Learning everything all at once will indubitably result in something, or some things, falling through the cracks. This is bad, but it's good that you're identifying that all the balls you have in the air are starting to become harder to catch and throw back up. Textbook use is best thought of as the study partner that goes home with you every night. We aren't all capable of reading during any waking hour so you need to identify when your mind most effectively reads. This will always make your mission smoother. Additionally, long blocks of reading without reflection or association is not as effective as digestible morsels at the time(s) you are most receptive. You know when the reading fights back your eyes, don't charge through it, that's unproductive. Smaller, more frequent readings will prove more beneficial than long sessions. Think of it as 5-7 "coffee time" readings, each comprised of 20-40 minutes depending on the study wave you're riding. If the wave is strong, then hang ten!
On the side of remembering what you've read, I have my note taking to combat the curve of forgetting handout attached that can help to some degree. Keep flash cards (if they work for you) on hand and write down terms in your readings that help your recall and the information you're trying to process. If you just read and move on, you'll surely run into some obstacles. These cards can take the place of "coffee time" readings when you have enough and it's time to move the information from short term to long term. If note cards are not your thing, then use lists on lined paper and cover with your hand or another piece of paper when you need to review. Both this and the note above will help the challenges with textbook saturation.
This short to long term approach will be a fluffy pillow for your cell bio class bc as you know, biology builds on itself.
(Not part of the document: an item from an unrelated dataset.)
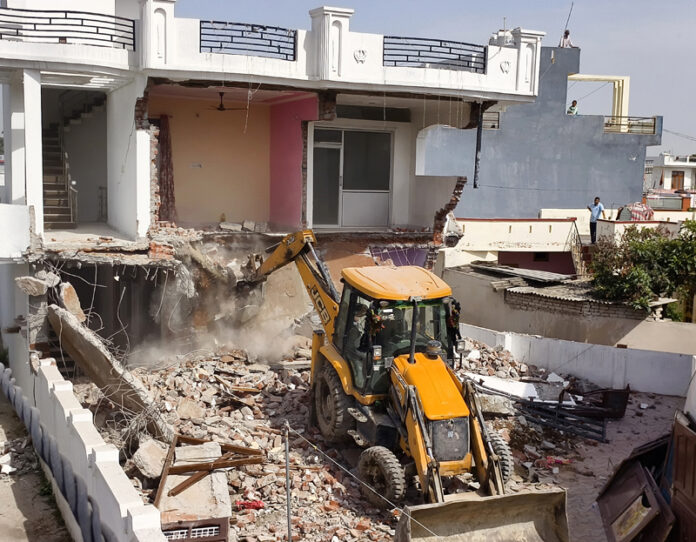 A JCB demolishing an alleged drug peddler's property in Miran Sahib area of Jammu district on Saturday. -Excelsior/Rakesh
What is basic now will likely be scaffolded into something to come so the more you commit to long term memory now, the better. Also, remember that chemistry is an abstract science, so you need to see as many examples and practice problems as you can; expand what you expose yourself to and you'll be hard-pressed to find something that catches you off-guard. And, this is huge, use the labs as an application to the point of making the mental association in and around the material taught in lecture, as rote as it is, your mind will map information more effectively if you couple it to a benchtop application you have an intimate memory and tactile experience with. See how beneficial this could be, especially when compounded by a textbook reading. The triumvirate of text, lecture, and lab gives you a great opportunity to seat that info firmly between the ears.
I also know your affinity to taking notes with your laptop, I added the article attached specifically for that reason. Active note taking is for those who truly want both a "hard fought" and deep relationship with all the material you have to wade through. Laptops take the "active" out of this and will make you a stenographer, not a sponge. Active note taking has very little substitute!
Other than that, when I told you all that 3-4 hours of outside of class time for every hour of lecture, I was getting at the notion that you will have lecture notes, text to read, and some ancillary work (labs, papers, etc) to do; you're getting a taste of what I was trying to groom you all for. Try scripting out our week around a full 7-8 hours of sleep. A mushy brain will only fight the work you need to do. Then script out when your best reading hours are. Once these heavy hitters are done, then you can tinker with what's left.
I hope this helps. You're going to kill it up there!!